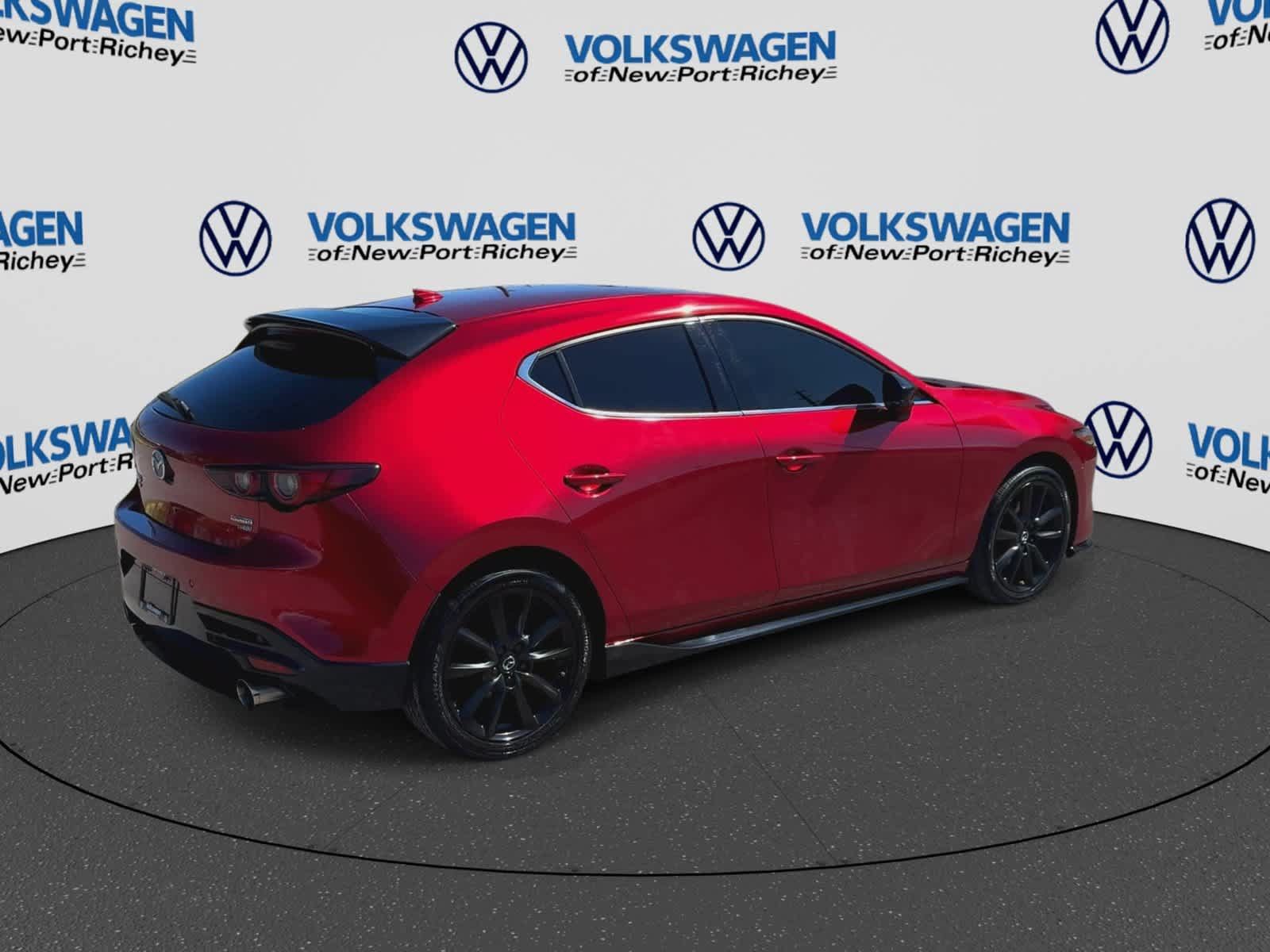Used 2025 MAZDA MAZDA3 Hatchback w/ Appearance Package AWD/4WD image 2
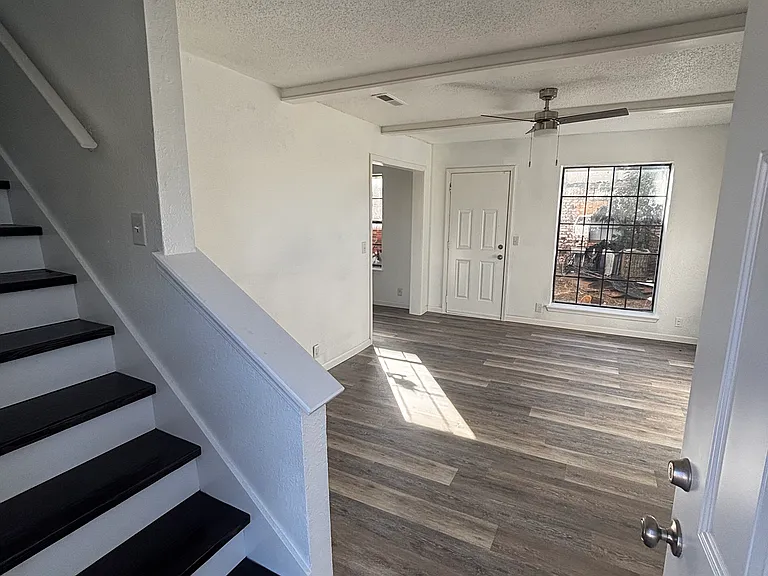 2720 SW 74th St #50 — Photo 2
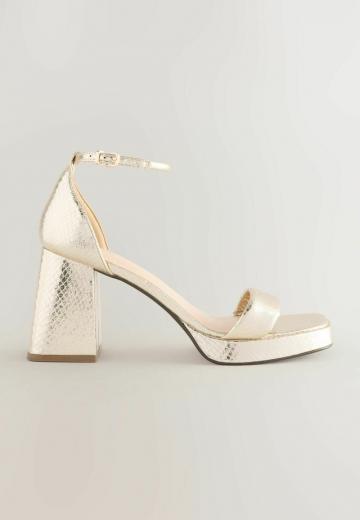 Босоножки на платформе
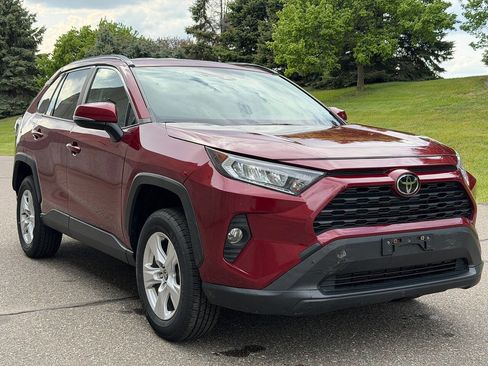 Used 2021 Toyota RAV4 XLE w/ XLE Grade Weather Package AWD/4WD image 1
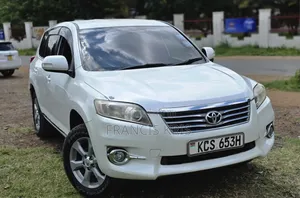 Toyota Vanguard 2011 White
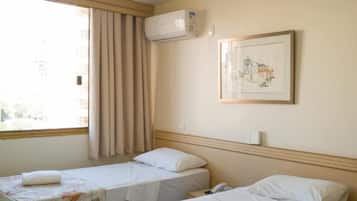1 bedroom, minibar, desk, blackout drapes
◆ ◆ ◆
Assignment:
Transcribe exactly, and without any pictures, each line from the one that holds "2720 SW 74th St #50 — Photo 2" through the final line of the material above.

Response to the task:
 2720 SW 74th St #50 — Photo 2
 Босоножки на платформе
 Used 2021 Toyota RAV4 XLE w/ XLE Grade Weather Package AWD/4WD image 1
 Toyota Vanguard 2011 White
1 bedroom, minibar, desk, blackout drapes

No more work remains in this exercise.